— YOUR INSTRUCTIONS —
Your copy should hold only the lines from the one holding "The Central View" through the last line of the records below, both included, each exact and with no pictures.

┄┄┄┄┄┄┄┄┄┄┄┄┄┄┄┄┄┄┄┄

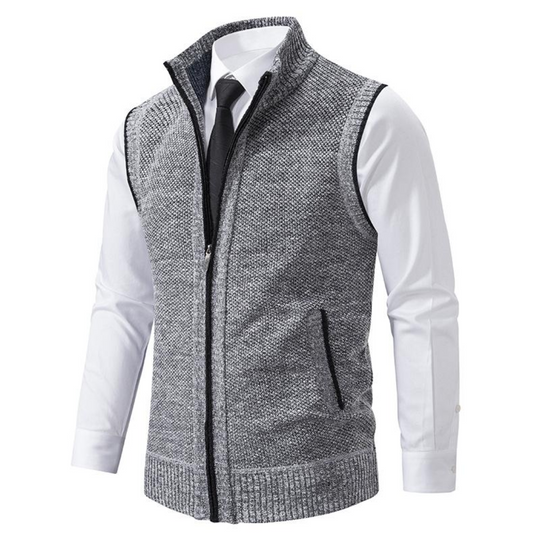 Grayson – Classic Men’s Sleeveless Vest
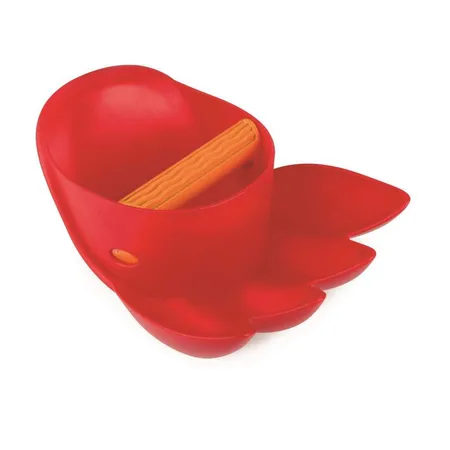 Hape Power-Klaue Sandspielzeug, rot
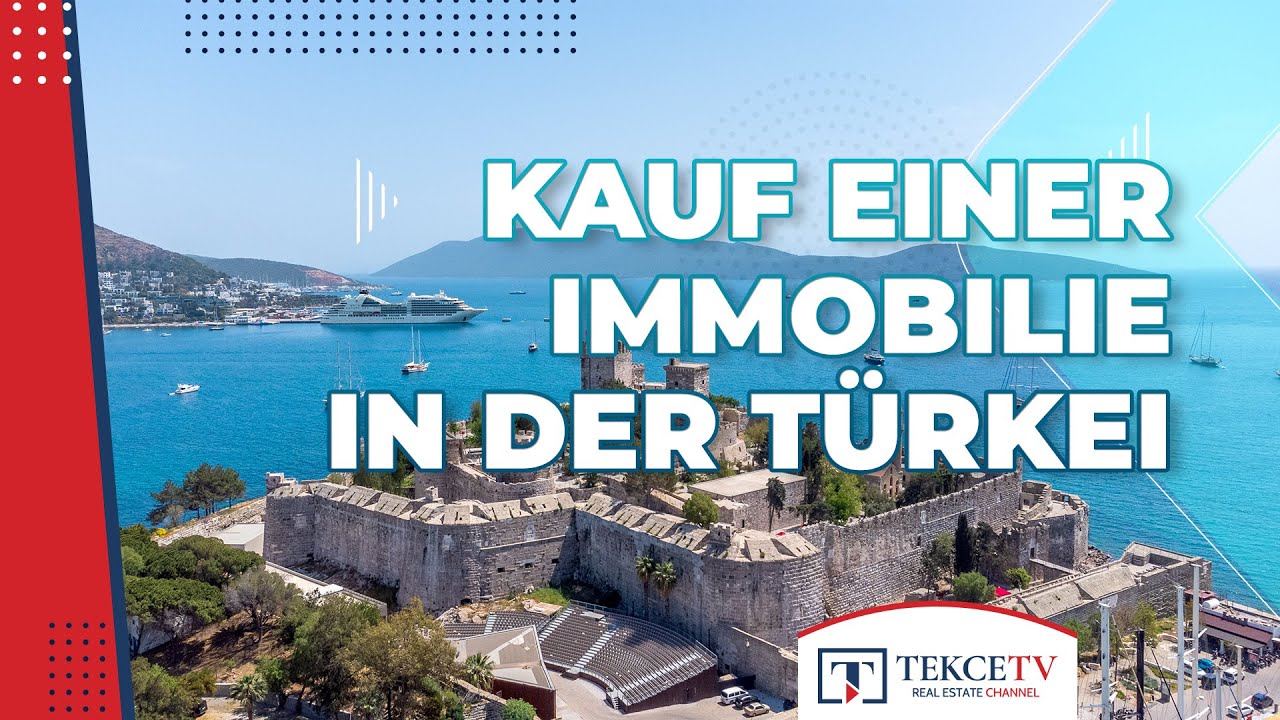 Wie kauft man als ausländischer Staatsbürger eine Immobilie in der Türkei?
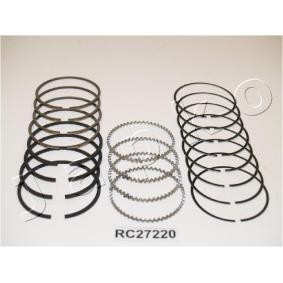 Comprar Segmento de pistón de JAPKO 427220J a bajo precio de 34,60 €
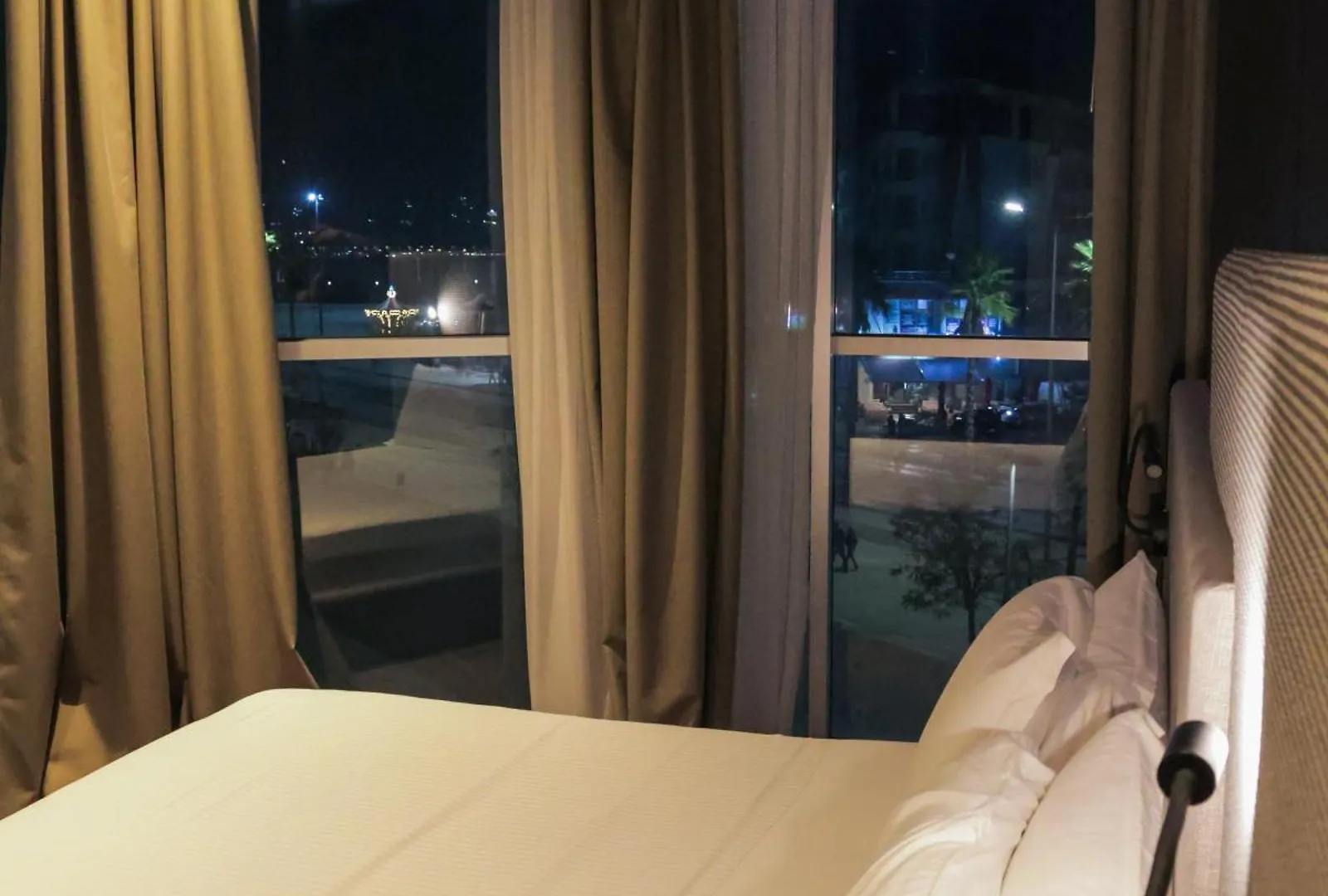 The Central View Boutique Hotel Vlorë Albanien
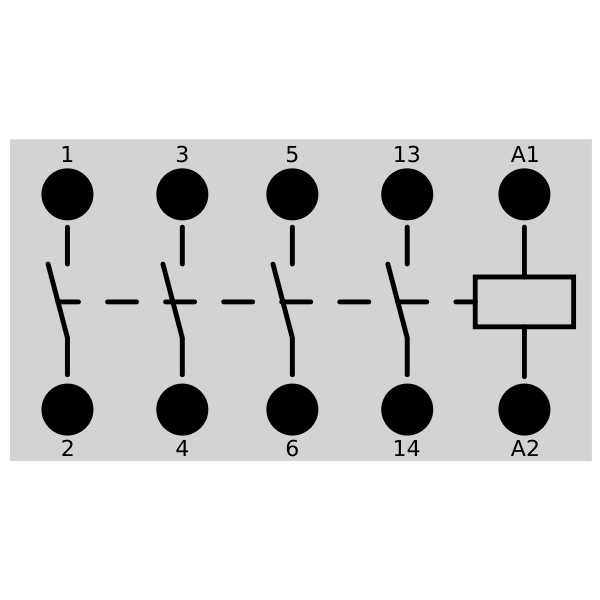 Electric diagram (#6)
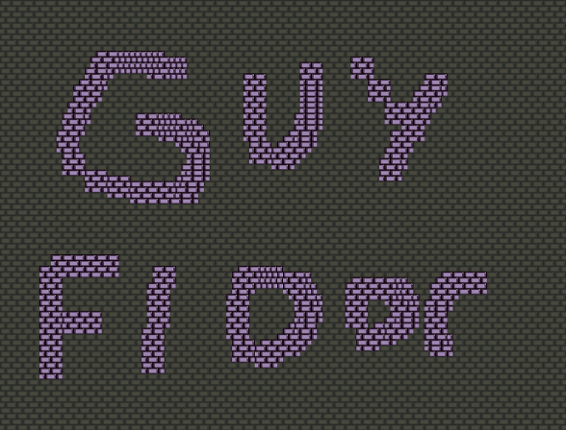 I wanna Pass the Guy Floor Image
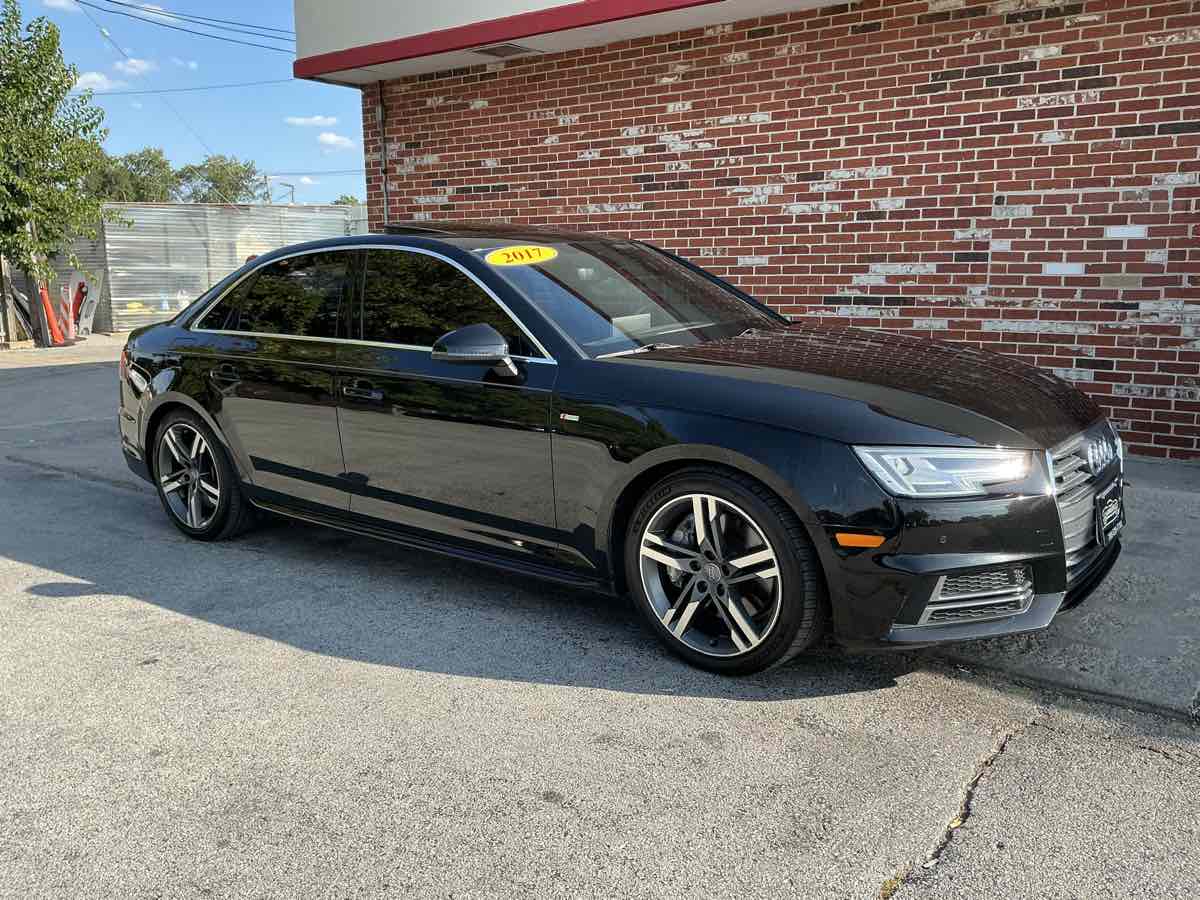 2017 Audi A4 Quattro Premium Plus photo 3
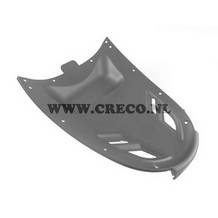 Spoiler onder new Kymco People S 50i 150i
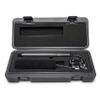 Azden SMX-100 High Performance Broadcast Mid-Side Stereo Shotgun Microphone Phantom Powered with 5-Pin XLR Output view 3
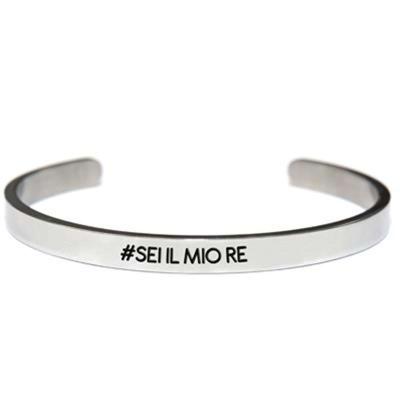 Armband Dames CO88 Collection 8CB-19039 Zilverkleurig Armband Dames CO88 Collection 8CB-19039 Zilverkleurig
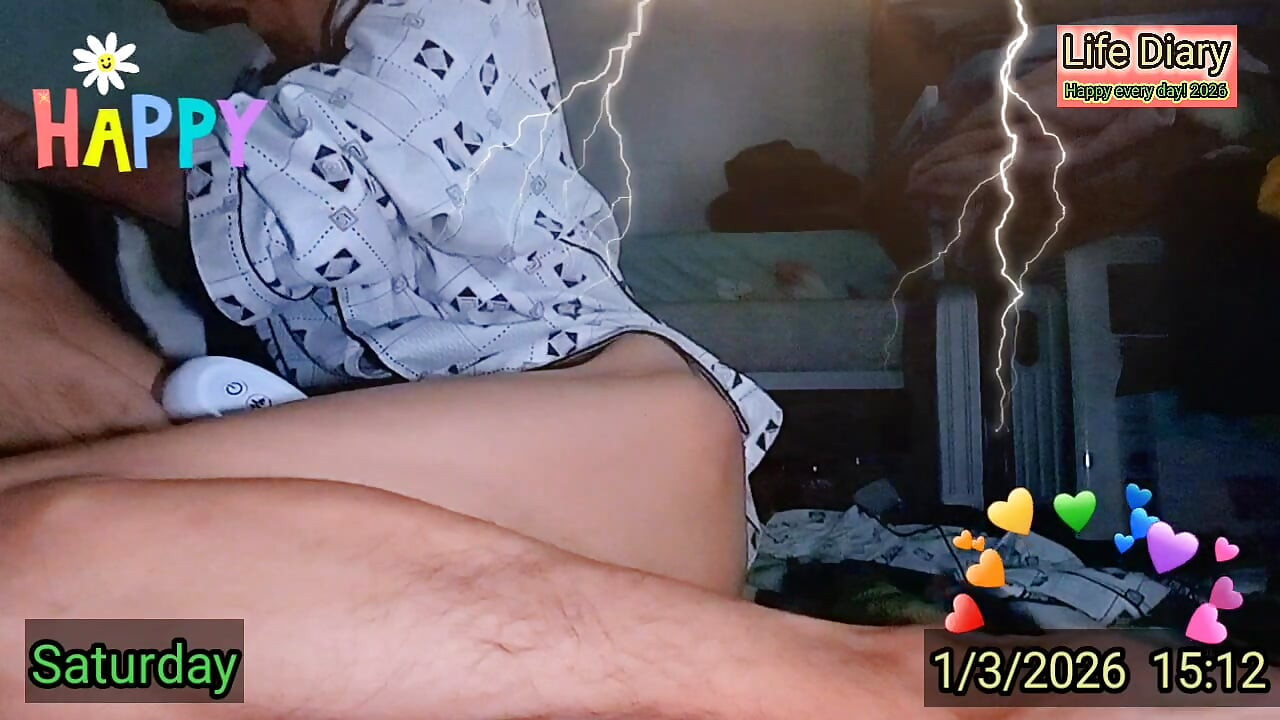 Happy every day, enjoying wonderful times.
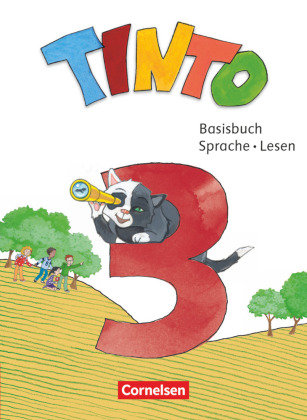 Tinto Sprachlesebuch 2-4 - Neubearbeitung 2019 - 3. Schuljahr Cornelsen Verlag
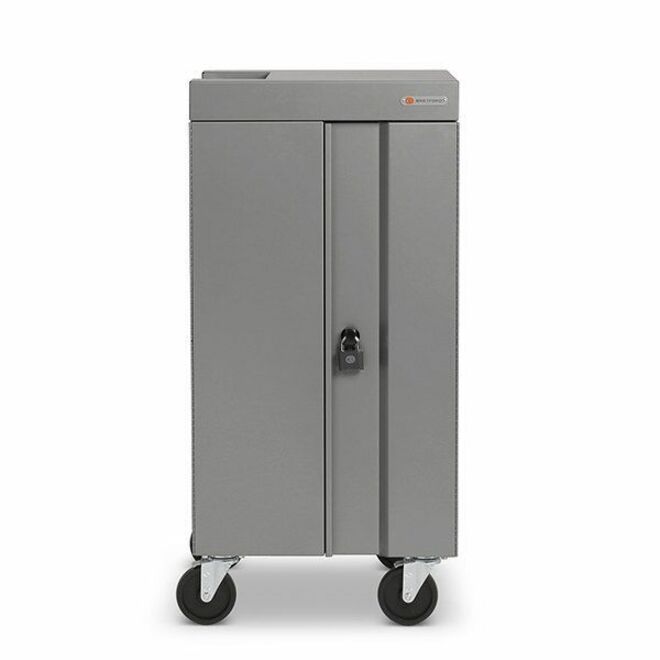 Bretford CUBE Cart Slim Pre-Wired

┄┄┄┄┄┄┄┄┄┄┄┄┄┄┄┄┄┄┄┄

— RESPONSE TO THE EXERCISE —
 The Central View Boutique Hotel Vlorë Albanien
 Electric diagram (#6)
 I wanna Pass the Guy Floor Image
 2017 Audi A4 Quattro Premium Plus photo 3
 Spoiler onder new Kymco People S 50i 150i
 Azden SMX-100 High Performance Broadcast Mid-Side Stereo Shotgun Microphone Phantom Powered with 5-Pin XLR Output view 3
 Armband Dames CO88 Collection 8CB-19039 Zilverkleurig Armband Dames CO88 Collection 8CB-19039 Zilverkleurig
 Happy every day, enjoying wonderful times.
 Tinto Sprachlesebuch 2-4 - Neubearbeitung 2019 - 3. Schuljahr Cornelsen Verlag
 Bretford CUBE Cart Slim Pre-Wired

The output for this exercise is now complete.